1 WHAT ARE THEY AND WHY ARE THEY CONTROVERSIAL?
COCHLEAR IMPLANTS WHAT ARE THEY AND WHY ARE THEY CONTROVERSIAL?

2 WHAT IS A COCHLEAR IMPLANT?
A cochlear implant is a small, complex electronic device that can potentially help to provide a sense of sound to a person who is profoundly deaf or severely hard-of-hearing. The implant consists of an external portion that sits behind the ear and a second portion that is surgically placed under the skin (see figure).

3 A COCHLEAR IMPLANT HAS THE FOLLOWING PARTS:
* A microphone, which picks up sound from the environment. * A speech processor, which selects and arranges sounds picked up by the microphone. * A transmitter and receiver/stimulator, which receive signals from the speech processor and convert them into electric impulses. * An electrode array, which is a group of electrodes that collects the impulses from the stimulator and sends them to different regions of the auditory nerve.

4 HOW DOES A COCHLEAR IMPLANT WORK?
A cochlear implant is very different from a hearing aid. Hearing aids amplify sounds so they may be detected by damaged ears. Cochlear implants bypass damaged portions of the ear and directly stimulate the auditory nerve. Signals generated by the implant are sent by way of the auditory nerve to the brain, which recognizes the signals as sound. Hearing through a cochlear implant is different from normal hearing and takes time to learn or relearn. However, it allows many people to recognize warning signals, understand other sounds in the environment, and sometimes even enjoy a conversation better in person or by telephone. An implant does not restore normal hearing. Instead, it can potentially give a deaf person a useful representation of sounds in the environment and help him or her to understand speech.

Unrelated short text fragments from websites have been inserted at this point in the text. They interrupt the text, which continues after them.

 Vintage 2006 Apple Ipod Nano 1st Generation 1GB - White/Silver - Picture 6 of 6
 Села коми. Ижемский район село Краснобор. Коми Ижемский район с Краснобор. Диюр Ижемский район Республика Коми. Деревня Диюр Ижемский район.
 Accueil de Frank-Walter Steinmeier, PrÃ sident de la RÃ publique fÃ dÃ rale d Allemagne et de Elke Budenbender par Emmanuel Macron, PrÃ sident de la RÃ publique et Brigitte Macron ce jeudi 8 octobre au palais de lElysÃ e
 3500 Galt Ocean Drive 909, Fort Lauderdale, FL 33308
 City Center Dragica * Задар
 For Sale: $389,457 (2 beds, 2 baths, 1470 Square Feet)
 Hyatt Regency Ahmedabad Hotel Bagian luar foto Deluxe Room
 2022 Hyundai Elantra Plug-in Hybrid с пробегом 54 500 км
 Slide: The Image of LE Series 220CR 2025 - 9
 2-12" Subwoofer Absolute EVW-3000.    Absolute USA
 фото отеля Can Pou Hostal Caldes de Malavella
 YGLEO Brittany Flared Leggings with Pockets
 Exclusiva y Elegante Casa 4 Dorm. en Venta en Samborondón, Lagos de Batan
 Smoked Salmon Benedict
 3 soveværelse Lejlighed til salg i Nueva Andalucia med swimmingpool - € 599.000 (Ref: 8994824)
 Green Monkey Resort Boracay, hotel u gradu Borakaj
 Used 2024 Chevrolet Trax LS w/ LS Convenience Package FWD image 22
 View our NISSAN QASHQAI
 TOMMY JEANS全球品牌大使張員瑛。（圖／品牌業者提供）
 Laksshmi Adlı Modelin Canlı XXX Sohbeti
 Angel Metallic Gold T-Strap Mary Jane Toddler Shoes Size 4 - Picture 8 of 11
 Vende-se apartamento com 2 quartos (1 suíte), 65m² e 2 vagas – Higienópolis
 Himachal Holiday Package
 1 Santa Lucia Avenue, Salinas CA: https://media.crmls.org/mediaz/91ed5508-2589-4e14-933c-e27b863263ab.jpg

5 WHO GETS COCHLEAR IMPLANTS?
Children and adults who are deaf or severely hard-of-hearing can be tested for eligibility and fitted for cochlear implants. According to the Food and Drug Administration (FDA), as of December 2012, approximately 324,200 people worldwide have received implants. In the United States, roughly 58,000 adults and 38,000 children have received them. Since 2000, cochlear implants have been FDA-approved for use in eligible children beginning at 12 months of age. Some adults who have lost all or most of their hearing later in life can also be fitted for cochlear implants. They learn to associate the signal provided by an implant with sounds they remember. This sometimes provides these individuals with the ability to understand speech solely by listening through the implant, without requiring any visual cues such as those provided by lipreading or sign language.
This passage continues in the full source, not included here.